Re: Time to work on Press Release 8.0 - Mailing list pgsql-advocacy

From Marc G. Fournier
Subject Re: Time to work on Press Release 8.0
Date
Msg-id 20040814154204.B1887@ganymede.hub.org
Whole thread Raw
In response to Re: Time to work on Press Release 8.0  (Peter Eisentraut <peter_e@gmx.net>)
Responses Re: Time to work on Press Release 8.0  (Peter Eisentraut <peter_e@gmx.net>)
Re: Time to work on Press Release 8.0  (Bruce Momjian <pgman@candle.pha.pa.us>)
List pgsql-advocacy
On Sat, 14 Aug 2004, Peter Eisentraut wrote:

> Jan Wieck wrote:
>> Now fortunately, this spartanic tarball isn't what most users will
>> get if they select PostgreSQL in their OS distribution installer.
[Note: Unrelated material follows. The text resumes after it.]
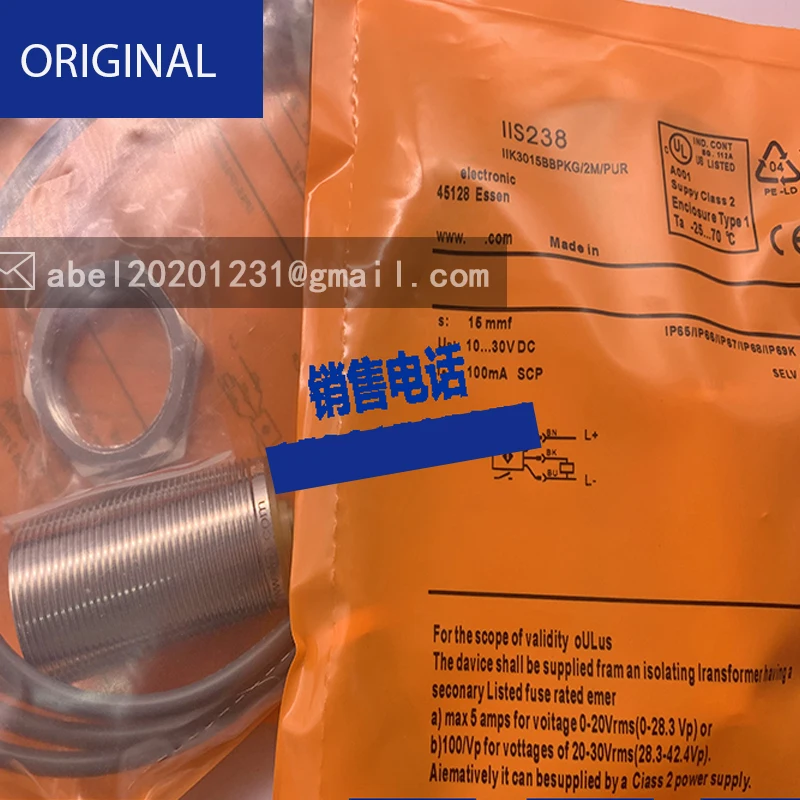Совершенно новый оригинальный датчик Φ IG5398 IIS238 IIK3015BBPKG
So
>> the question would rather be *what is our recommendation for package
>> maintainers?* That collection is what hopefully most end users will
>> experience as the PostgreSQL database product, and that is the
>> picture we have to draw in our release announcement.
>
> Take a look at, say, KDE or GNOME.  Their software is split up in all
> kinds of ways.  Each little program has its own maintainer, version
> number, etc.  Yet, to the general public it surely seems like KDE and
> GNOME are pretty integrated.  Why is that?
>
> It's because above all these small parts there is an umbrella
> organization that provides services to each small part to make them
> look integrated, such as:
>
> - release management
> - security issue management
> - localization support
> - documentation support
> - bug tracking
> - packaging support
> - marketing support
> ... and more.
>
> We don't provide those services.  Back in the days when everything was
> one tarball, we provided those services in an integrated fashion by
> default, but I can understand why that system doesn't work beyond a
> certain size.  But by gborg or pgfoundry we don't provide these
> services either.  A developer that makes use of gborg basically just
> rents machine space and bandwidth with some preinstalled software that
> allows him to set up the above mentioned services for his own project.
> But that doesn't make it integrated.
>
> So, for the issue at hand, no matter how much we like replication,
> endorse slony, or respect Jan's work, it's not part of PostgreSQL, in
> the eyes of the public.  And a press release or three isn't going to
> fundamentally change that, because the facts don't back it up.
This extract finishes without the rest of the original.